─── Provided entries
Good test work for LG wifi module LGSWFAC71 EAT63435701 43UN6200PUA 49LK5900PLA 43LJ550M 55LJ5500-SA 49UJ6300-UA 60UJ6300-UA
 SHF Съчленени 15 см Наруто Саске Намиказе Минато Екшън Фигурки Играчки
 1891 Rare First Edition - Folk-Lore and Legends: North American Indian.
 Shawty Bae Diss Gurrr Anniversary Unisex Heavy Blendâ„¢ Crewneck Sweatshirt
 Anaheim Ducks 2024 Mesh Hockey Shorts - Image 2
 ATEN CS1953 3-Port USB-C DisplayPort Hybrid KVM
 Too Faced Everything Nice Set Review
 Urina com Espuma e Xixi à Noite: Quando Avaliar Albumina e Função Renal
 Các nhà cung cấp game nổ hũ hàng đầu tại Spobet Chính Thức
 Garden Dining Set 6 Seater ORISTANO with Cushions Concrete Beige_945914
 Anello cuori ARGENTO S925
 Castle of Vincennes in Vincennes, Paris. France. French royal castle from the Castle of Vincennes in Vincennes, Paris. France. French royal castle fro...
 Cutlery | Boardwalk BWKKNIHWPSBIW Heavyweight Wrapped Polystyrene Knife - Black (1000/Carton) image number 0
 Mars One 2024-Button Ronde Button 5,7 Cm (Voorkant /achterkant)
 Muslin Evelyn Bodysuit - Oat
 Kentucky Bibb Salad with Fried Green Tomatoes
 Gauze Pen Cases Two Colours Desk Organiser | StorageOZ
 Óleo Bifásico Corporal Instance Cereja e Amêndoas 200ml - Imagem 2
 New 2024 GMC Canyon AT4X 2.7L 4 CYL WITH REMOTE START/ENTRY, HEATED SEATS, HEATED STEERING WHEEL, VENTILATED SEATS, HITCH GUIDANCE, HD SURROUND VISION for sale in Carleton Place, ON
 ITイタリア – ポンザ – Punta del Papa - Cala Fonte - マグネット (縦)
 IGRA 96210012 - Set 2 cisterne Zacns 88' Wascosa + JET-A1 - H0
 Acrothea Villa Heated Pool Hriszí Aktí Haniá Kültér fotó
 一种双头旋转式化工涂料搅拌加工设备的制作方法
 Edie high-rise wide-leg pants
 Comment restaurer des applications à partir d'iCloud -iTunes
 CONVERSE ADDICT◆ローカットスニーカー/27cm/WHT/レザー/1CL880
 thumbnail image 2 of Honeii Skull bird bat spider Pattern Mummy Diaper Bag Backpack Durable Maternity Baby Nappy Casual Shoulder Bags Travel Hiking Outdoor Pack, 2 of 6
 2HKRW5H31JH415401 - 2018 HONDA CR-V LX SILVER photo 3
──────
● What to produce:
Transcribe the data in full, keeping every character.

● Response box:
Good test work for LG wifi module LGSWFAC71 EAT63435701 43UN6200PUA 49LK5900PLA 43LJ550M 55LJ5500-SA 49UJ6300-UA 60UJ6300-UA
 SHF Съчленени 15 см Наруто Саске Намиказе Минато Екшън Фигурки Играчки
 1891 Rare First Edition - Folk-Lore and Legends: North American Indian.
 Shawty Bae Diss Gurrr Anniversary Unisex Heavy Blendâ„¢ Crewneck Sweatshirt
 Anaheim Ducks 2024 Mesh Hockey Shorts - Image 2
 ATEN CS1953 3-Port USB-C DisplayPort Hybrid KVM
 Too Faced Everything Nice Set Review
 Urina com Espuma e Xixi à Noite: Quando Avaliar Albumina e Função Renal
 Các nhà cung cấp game nổ hũ hàng đầu tại Spobet Chính Thức
 Garden Dining Set 6 Seater ORISTANO with Cushions Concrete Beige_945914
 Anello cuori ARGENTO S925
 Castle of Vincennes in Vincennes, Paris. France. French royal castle from the Castle of Vincennes in Vincennes, Paris. France. French royal castle fro...
 Cutlery | Boardwalk BWKKNIHWPSBIW Heavyweight Wrapped Polystyrene Knife - Black (1000/Carton) image number 0
 Mars One 2024-Button Ronde Button 5,7 Cm (Voorkant /achterkant)
 Muslin Evelyn Bodysuit - Oat
 Kentucky Bibb Salad with Fried Green Tomatoes
 Gauze Pen Cases Two Colours Desk Organiser | StorageOZ
 Óleo Bifásico Corporal Instance Cereja e Amêndoas 200ml - Imagem 2
 New 2024 GMC Canyon AT4X 2.7L 4 CYL WITH REMOTE START/ENTRY, HEATED SEATS, HEATED STEERING WHEEL, VENTILATED SEATS, HITCH GUIDANCE, HD SURROUND VISION for sale in Carleton Place, ON
 ITイタリア – ポンザ – Punta del Papa - Cala Fonte - マグネット (縦)
 IGRA 96210012 - Set 2 cisterne Zacns 88' Wascosa + JET-A1 - H0
 Acrothea Villa Heated Pool Hriszí Aktí Haniá Kültér fotó
 一种双头旋转式化工涂料搅拌加工设备的制作方法
 Edie high-rise wide-leg pants
 Comment restaurer des applications à partir d'iCloud -iTunes
 CONVERSE ADDICT◆ローカットスニーカー/27cm/WHT/レザー/1CL880
 thumbnail image 2 of Honeii Skull bird bat spider Pattern Mummy Diaper Bag Backpack Durable Maternity Baby Nappy Casual Shoulder Bags Travel Hiking Outdoor Pack, 2 of 6
 2HKRW5H31JH415401 - 2018 HONDA CR-V LX SILVER photo 3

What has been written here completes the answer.